HTML5 Defined! It's Not Just a Marketing Term

There's been a fair bit of discussion recently about what some folks mean when they say HTML5. I use HTML5 in the wider sense, so it's only right that I take a stab at defining what I mean when I say something is part of HTML5.

From a very high level, when I say HTML5 I mean:

"Everything that is in the formal W3C HTML5 spec; everything that used to be in there but was broken out for various reasons; sibling and related technologies and developments like CSS3, SVG, EcmaScript 5, etc.; and experimental explorations that are pushing the boundaries."

I won't go into the reasons why I use HTML5 in these more expansive terms, as I blogged about that recently.

Going deeper, I've broken these down into separate areas:

  • "HTML5 Strict" - Things that are strictly inside the W3C's HTML5 spec.
  • "Referenced by HTML5" - Things that are referenced by the HTML5 spec and which can optionally be parsed into the DOM and displayed.
  • "Broken out of HTML5" - Things that used to be part of HTML5 or its older iterations, called Web Applications and Web Forms.
  • "HTML5 Family of Technologies" - Extended set of technologies not strictly part of HTML5 spec or referenced but likely to be used in conjunction with HTML5.
  • "HTML5++" - More experimental technologies pushing the web forward that are not part of the HTML5 spec at all; may or may not see broader adoption.

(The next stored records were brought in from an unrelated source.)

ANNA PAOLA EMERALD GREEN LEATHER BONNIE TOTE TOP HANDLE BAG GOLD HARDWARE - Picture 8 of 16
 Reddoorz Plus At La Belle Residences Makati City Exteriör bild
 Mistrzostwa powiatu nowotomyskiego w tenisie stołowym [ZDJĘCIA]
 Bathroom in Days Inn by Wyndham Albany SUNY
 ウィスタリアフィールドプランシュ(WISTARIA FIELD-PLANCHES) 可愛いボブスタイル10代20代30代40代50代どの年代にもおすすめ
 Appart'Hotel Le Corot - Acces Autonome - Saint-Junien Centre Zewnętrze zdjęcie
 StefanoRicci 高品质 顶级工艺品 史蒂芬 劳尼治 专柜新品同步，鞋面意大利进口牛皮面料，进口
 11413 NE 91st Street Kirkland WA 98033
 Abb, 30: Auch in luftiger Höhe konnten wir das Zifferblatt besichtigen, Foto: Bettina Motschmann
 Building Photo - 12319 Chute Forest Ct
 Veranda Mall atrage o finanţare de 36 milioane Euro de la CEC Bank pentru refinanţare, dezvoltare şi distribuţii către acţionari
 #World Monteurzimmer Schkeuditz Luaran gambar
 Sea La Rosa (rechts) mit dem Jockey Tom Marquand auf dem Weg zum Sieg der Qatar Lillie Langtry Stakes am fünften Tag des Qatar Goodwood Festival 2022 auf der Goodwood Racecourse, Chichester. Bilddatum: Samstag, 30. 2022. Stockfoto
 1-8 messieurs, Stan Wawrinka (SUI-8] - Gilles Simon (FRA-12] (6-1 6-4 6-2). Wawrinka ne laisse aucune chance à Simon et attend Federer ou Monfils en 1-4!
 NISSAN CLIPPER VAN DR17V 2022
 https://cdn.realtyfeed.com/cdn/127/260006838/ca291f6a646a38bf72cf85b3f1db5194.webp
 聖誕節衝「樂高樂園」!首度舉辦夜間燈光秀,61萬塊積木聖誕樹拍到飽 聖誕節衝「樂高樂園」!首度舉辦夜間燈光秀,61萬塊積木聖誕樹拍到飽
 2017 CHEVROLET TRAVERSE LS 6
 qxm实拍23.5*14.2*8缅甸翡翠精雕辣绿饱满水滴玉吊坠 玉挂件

One small note; there are actually two HTML5 specs, one maintained by the W3C and the other maintained by the WhatWG.

You need to understand that HTML5 began as a revolution to the established order, initiated by the WhatWG. A peace of sorts developed over the years, with the upstart "Web Applications" and "Web Forms" specs brought in-house to the W3C under the moniker HTML5. Over time I'm assuming that the W3C spec, when Final Call has happened, will be the canonical spec.

To simplify things below, I'm only referencing the W3C HTML5 spec for now. Here's how I would break things down based on what I said above; if you think something should be somewhere else or things get moved around email me and I'll update this (Last Updated: June 14th, 2010). If you want to know the state of where these technologies are implemented see; if you want your code to detect what is available see Mark Pilgrim's book for details.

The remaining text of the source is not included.